The MIP functionally replaces recirculating feeders on optical copiers. This means that images are not mechanically rescanned within jobs that require rescanning, but rather, images are electronically retrieved from the MIP to replace the rescan process. The MIP accepts digital image input and stores it for a limited time so it can be retrieved and printed to complete the job as needed. The MIP consists of memory for storing digital image input received from the RIP. Once the images are in MIP memory, they can be repeatedly read from memory and output to the Render Circuit. The amount of memory required to store a given number of images can be reduced by compressing the images; therefore, the images are compressed prior to MIP memory storage, then decompressed while being read from MIP memory.

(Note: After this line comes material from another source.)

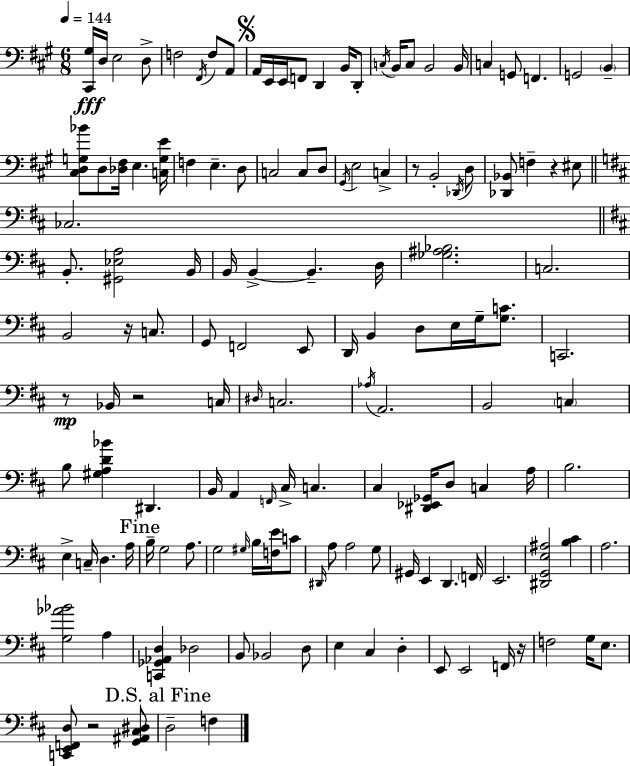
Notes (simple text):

[C#2,G#3]/s D3/s E3/h D3/e F3/h F#2/s F3/e A2/e A2/s E2/s E2/s F2/e D2/q B2/s D2/e C3/s B2/s C3/e B2/h B2/s C3/q G2/e F2/q. G2/h B2/q [C#3,D3,G3,Bb4]/e D3/e [Db3,F#3]/s E3/q. [C3,G3,E4]/s F3/q E3/q. D3/e C3/h C3/e D3/e G#2/s E3/h C3/q R/e B2/h Db2/s D3/e [Db2,Bb2]/e F3/q R/q EIS3/e CES3/h. B2/e. [G#2,Eb3,A3]/h B2/s B2/s B2/q B2/q. D3/s [Gb3,A#3,Bb3]/h. C3/h. B2/h R/s C3/e. G2/e F2/h E2/e D2/s B2/q D3/e E3/s G3/s [G3,C4]/e. C2/h. R/e Bb2/s R/h C3/s D#3/s C3/h. Ab3/s A2/h. B2/h C3/q B3/e [G#3,A3,D4,Bb4]/q D#2/q. B2/s A2/q F2/s C#3/s C3/q. C#3/q [D#2,Eb2,Gb2]/s D3/e C3/q A3/s B3/h. E3/q C3/s D3/q. A3/s B3/s G3/h A3/e. G3/h G#3/s B3/s [F3,E4]/s C4/e D#2/s A3/e A3/h G3/e G#2/s E2/q D2/q. F2/s E2/h. [D#2,G2,E3,A#3]/h [B3,C#4]/q A3/h. [G3,Ab4,Bb4]/h A3/q [C2,Gb2,Ab2,D3]/q Db3/h B2/e Bb2/h D3/e E3/q C#3/q D3/q E2/e E2/h F2/s R/s F3/h G3/s E3/e. [C2,E2,F2,D3]/e R/h [G2,A#2,C#3,D#3]/e D3/h F3/q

The output of the MIP is provided to an image render circuit 39, which alters the image and provides the altered image to the writer interface 32 (otherwise known as a write head, print head, etc.) which applies exposure parameters to the exposure medium, such as a photoconductor 18.
After exposure, the portion of exposure medium belt 18 bearing the latent charge images travels to a development station 35. Development station 35 includes a magnetic brush in juxtaposition to the belt 18. Magnetic brush development stations are well known in the art, and are preferred in many applications, alternatively, other known types of development stations or devices may be used. Plural development stations 35 may be provided for developing images in plural colors, or from toners of different physical characteristics. Full process color electrographic printing is accomplished by utilizing this process for each of four toner colors (e.g., black, cyan, magenta, yellow).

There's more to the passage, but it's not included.